L’associazione “Ali di Vibonesità” ha diffuso una nota per accendere nuovamente i riflettori sulle storiche e crescenti carenze che affliggono il sistema sanitario della provincia di Vibo Valentia. Nella stessa, ha rivolto un invito esplicito al presidente della Regione Calabria, Roberto Occhiuto, nelle sue funzioni di assessore alla Sanità, chiedendogli di effettuare una vera e propria “full immersion” nella realtà locale per rendersi conto personalmente della distanza che separa gli uffici della Cittadella regionale di Catanzaro dai bisogni reali dell’utenza vibonese.
Emergenza estiva e carenze di organico
Secondo quanto denunciato dal gruppo, l’arrivo della stagione estiva ha riacutizzato i problemi strutturali di sempre, a partire dalle lunghe attese e dal sovraffollamento all’interno del Pronto soccorso. “Da anni nei momenti di grande emergenza sanitaria come questo si risponde con la solita risposta: pochi medici, pochi infermieri e ausiliari”, si legge nel comunicato. L’associazione sottolinea come non sia “corretto scaricare le colpe sul personale in servizio, il quale opera spesso oltre i limiti dello straordinario, bensì sulle storiche carenze organizzative e sulla scarsità di coperture organiche e strutturali che costringono l’Asp in una condizione di perenne affanno”.

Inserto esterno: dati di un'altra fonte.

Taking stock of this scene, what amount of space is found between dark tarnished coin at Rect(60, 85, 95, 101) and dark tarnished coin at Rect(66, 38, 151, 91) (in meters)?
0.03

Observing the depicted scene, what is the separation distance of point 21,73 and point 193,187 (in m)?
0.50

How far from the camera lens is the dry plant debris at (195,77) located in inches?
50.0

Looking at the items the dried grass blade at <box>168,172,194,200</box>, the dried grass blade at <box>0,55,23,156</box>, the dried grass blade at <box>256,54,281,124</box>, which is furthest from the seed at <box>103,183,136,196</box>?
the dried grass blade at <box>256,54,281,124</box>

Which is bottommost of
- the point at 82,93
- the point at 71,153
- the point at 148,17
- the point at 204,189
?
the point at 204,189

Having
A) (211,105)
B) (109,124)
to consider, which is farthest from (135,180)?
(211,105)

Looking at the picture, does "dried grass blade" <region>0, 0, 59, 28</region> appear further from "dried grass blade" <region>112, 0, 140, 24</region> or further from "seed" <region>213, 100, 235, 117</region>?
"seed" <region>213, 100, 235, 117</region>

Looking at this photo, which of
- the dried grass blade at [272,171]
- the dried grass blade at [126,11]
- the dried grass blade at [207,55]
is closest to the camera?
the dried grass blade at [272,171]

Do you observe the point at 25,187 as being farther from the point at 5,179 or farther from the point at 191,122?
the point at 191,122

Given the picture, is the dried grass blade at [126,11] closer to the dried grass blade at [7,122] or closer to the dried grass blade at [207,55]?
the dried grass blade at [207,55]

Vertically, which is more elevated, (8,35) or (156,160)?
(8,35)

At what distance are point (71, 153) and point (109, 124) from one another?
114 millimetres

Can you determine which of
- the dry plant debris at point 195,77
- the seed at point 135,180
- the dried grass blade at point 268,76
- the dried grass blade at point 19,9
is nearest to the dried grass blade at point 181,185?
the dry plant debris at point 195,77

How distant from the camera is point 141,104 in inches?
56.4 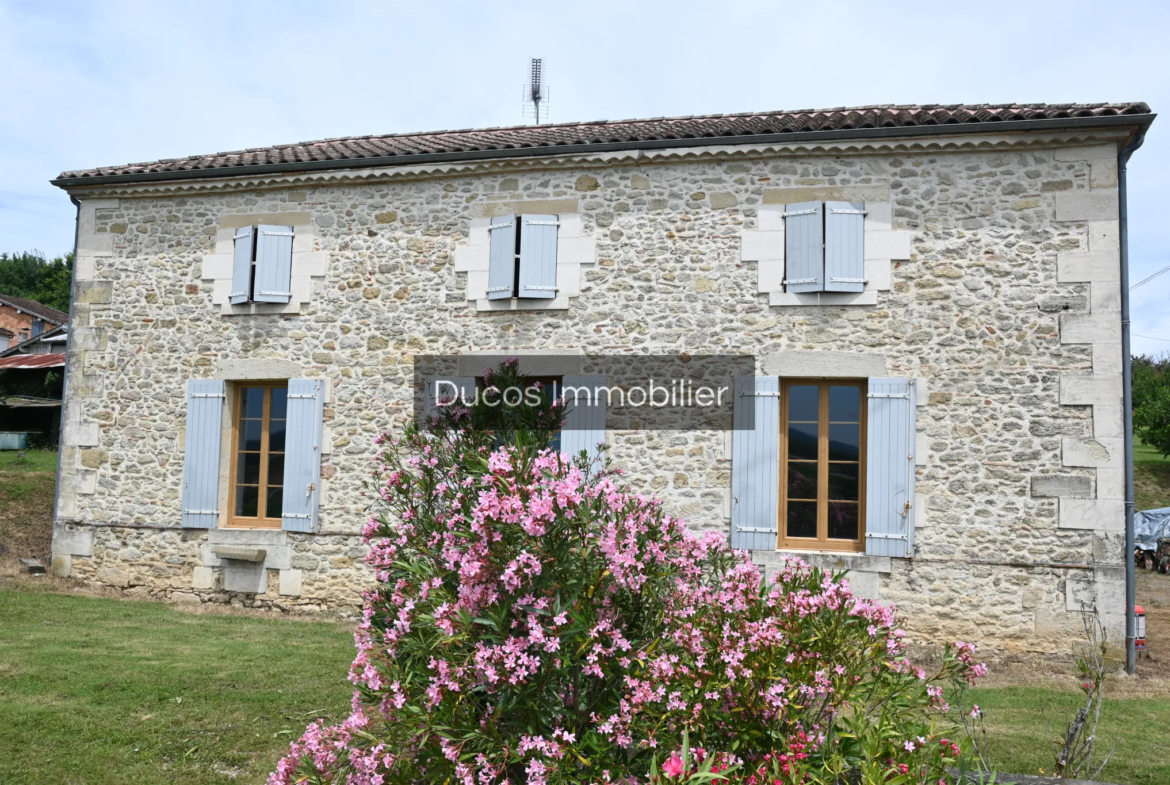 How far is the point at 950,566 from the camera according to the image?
6684mm

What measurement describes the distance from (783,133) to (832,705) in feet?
18.3

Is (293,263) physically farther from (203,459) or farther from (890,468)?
(890,468)

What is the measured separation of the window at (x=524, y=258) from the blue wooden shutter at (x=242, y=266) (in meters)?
2.52

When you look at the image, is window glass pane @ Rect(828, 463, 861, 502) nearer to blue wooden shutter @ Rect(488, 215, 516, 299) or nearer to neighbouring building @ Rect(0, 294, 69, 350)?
blue wooden shutter @ Rect(488, 215, 516, 299)

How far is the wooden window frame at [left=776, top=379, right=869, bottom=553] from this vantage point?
6.99m

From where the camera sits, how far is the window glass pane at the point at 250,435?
8.28 metres

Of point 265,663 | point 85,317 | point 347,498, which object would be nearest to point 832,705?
point 265,663

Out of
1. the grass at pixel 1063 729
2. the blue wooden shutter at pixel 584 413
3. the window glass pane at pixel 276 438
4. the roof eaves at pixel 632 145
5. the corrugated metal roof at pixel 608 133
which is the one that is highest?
the corrugated metal roof at pixel 608 133

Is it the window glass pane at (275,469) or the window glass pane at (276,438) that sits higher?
the window glass pane at (276,438)

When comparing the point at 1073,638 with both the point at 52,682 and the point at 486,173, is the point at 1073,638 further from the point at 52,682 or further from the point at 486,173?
the point at 52,682

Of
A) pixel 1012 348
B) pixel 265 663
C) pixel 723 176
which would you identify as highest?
pixel 723 176

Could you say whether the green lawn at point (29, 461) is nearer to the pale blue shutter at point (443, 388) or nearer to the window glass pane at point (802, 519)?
the pale blue shutter at point (443, 388)

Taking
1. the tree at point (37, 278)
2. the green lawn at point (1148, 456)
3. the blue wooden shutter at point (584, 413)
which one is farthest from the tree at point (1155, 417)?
the tree at point (37, 278)

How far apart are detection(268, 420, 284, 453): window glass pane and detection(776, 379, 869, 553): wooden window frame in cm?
485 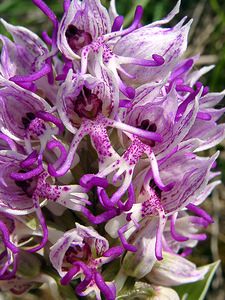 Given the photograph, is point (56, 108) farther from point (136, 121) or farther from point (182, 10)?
point (182, 10)

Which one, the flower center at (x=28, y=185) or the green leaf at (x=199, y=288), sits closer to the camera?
the flower center at (x=28, y=185)

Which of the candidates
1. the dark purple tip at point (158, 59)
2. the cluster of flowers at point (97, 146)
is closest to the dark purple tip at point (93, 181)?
the cluster of flowers at point (97, 146)

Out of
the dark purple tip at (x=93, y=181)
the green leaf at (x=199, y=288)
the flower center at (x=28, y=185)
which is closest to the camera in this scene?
the dark purple tip at (x=93, y=181)

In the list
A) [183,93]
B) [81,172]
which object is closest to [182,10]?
[183,93]

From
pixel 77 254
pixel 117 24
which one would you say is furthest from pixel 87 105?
pixel 77 254

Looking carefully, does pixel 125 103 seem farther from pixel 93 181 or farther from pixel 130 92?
pixel 93 181

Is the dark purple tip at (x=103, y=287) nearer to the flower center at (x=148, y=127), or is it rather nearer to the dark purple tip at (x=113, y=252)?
the dark purple tip at (x=113, y=252)

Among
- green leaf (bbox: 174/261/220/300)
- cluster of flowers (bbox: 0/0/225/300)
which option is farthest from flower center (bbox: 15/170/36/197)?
green leaf (bbox: 174/261/220/300)

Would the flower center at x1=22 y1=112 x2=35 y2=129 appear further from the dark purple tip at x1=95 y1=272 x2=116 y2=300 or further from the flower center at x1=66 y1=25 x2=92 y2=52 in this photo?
the dark purple tip at x1=95 y1=272 x2=116 y2=300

La richiesta di una guida manageriale qualificata
Per invertire la rotta e contrastare il fenomeno della migrazione sanitaria, “Ali di Vibonesità” sollecita la nomina immediata di un direttore generale per l’Asp di Vibo Valentia che “possieda una conoscenza approfondita delle dinamiche territoriali”. Il gruppo evidenzia come le gestioni affidate a manager esterni abbiano mostrato “evidenti limiti iniziali di programmazione”. Infine, l’appello si conclude ricordando che le “rassicurazioni sulla futura costruzione del nuovo ospedale non bastano a rasserenare i cittadini, i quali necessitano di interventi urgenti e stabili per garantire la normale continuità dei servizi essenziali già oggi”.